To successfully transition to a smarter, more reliable and modernized electric grid — the Energy Department is investing in a wide range of research and deployment (R&D) activities. From innovative energy storage technologies to microgrids — our R&D investments will add critical capabilities to our electric grid and do so in a cost-effective manner.
One of many exciting R&D areas we’re focusing on is learning more about the health of the electric grid. As part of the Recovery Act, we have partnered with utilities across America to deploy sophisticated sensors known as synchrophasors that monitor the flow of electricity with greater precision and provide unprecedented insight and information on system health. Soon, these real-time measurements will allow system operators to identify and respond to deteriorating or abnormal grid conditions more quickly. That improved awareness will lead to improved reliability, reduced severity of blackouts, and faster restoration of power following power outages.

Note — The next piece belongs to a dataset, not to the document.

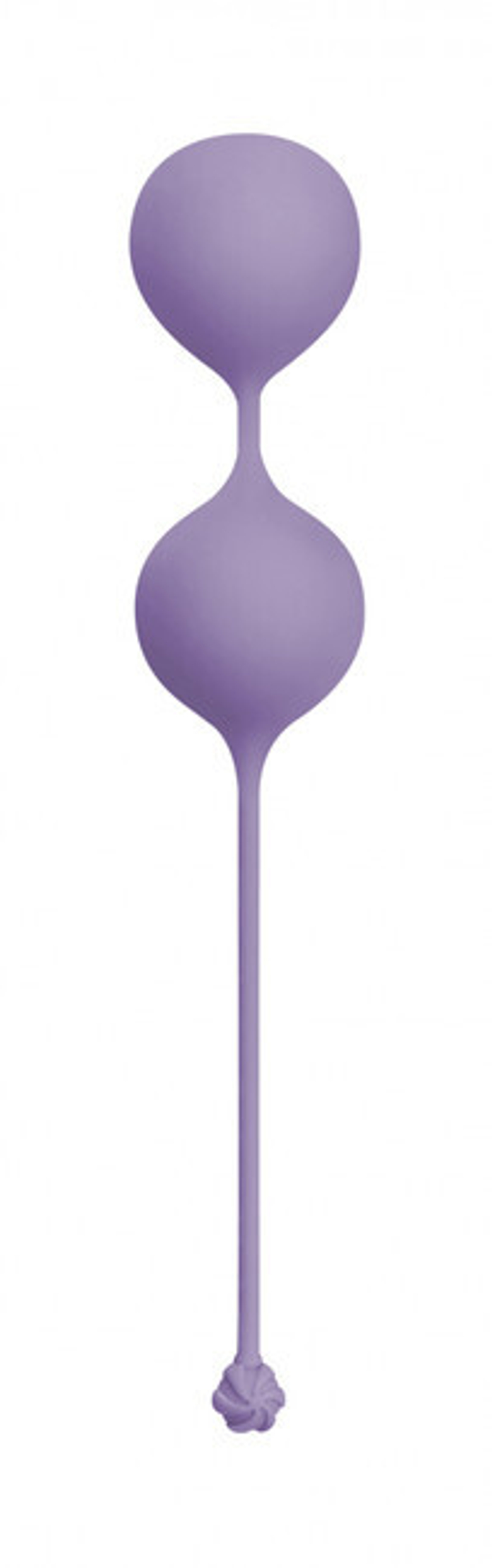 Вагинальные шарики Love Story The Firebird Lavender Sunset (Цвет: фиолетовый)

Learning how to understand and interpret all of this synchrophasor data will be crucial. The Energy Department recently announced seven awards for researchers and students to conduct research with synchrophasor data collected from utilities. This funding will also allow universities to develop curricula and training to better prepare the smart grid workforce of the future.
As our electric power system grows more complex, advanced modeling tools that simulate the electric grid must keep pace. We have leveraged the expertise of the Pacific Northwest National Laboratory (PNNL) to develop an open-source modeling tool– GridLAB-D™ — to simulate and evaluate the effectiveness of smart grid technologies. Today, using PNNL’s GridLAB-D™ tool, the National Rural Electric Cooperative Association is helping local utilities better understand the power distribution system and all of the components that affect its behavior, such as weather, retail markets, distributed resources, demand response and more. With access to PNNL’s advanced modeling techniques and high-performance algorithms, rural co-ops are fully plugged-in to the latest world class grid technology and analysis so that even small utilities can easily model and evaluate smart grid technologies and advance grid modernization.
R&D also plays a vital role as we face increases in sophisticated cyber attacks. OurCybersecurity for Energy Delivery Systems (CEDS) program is working hand-in-hand with industry to reduce the risk and impact of energy disruptions due to cyber attack. Learn more about our strategy to protect the electric grid from cyber attack by viewing the 2011 Roadmap to Achieve Energy Delivery Systems Cybersecurity.
As our energy demands continue to evolve, so must our capabilities to respond to those demands, and a solid R&D effort is a vital component of our ability to respond successfully.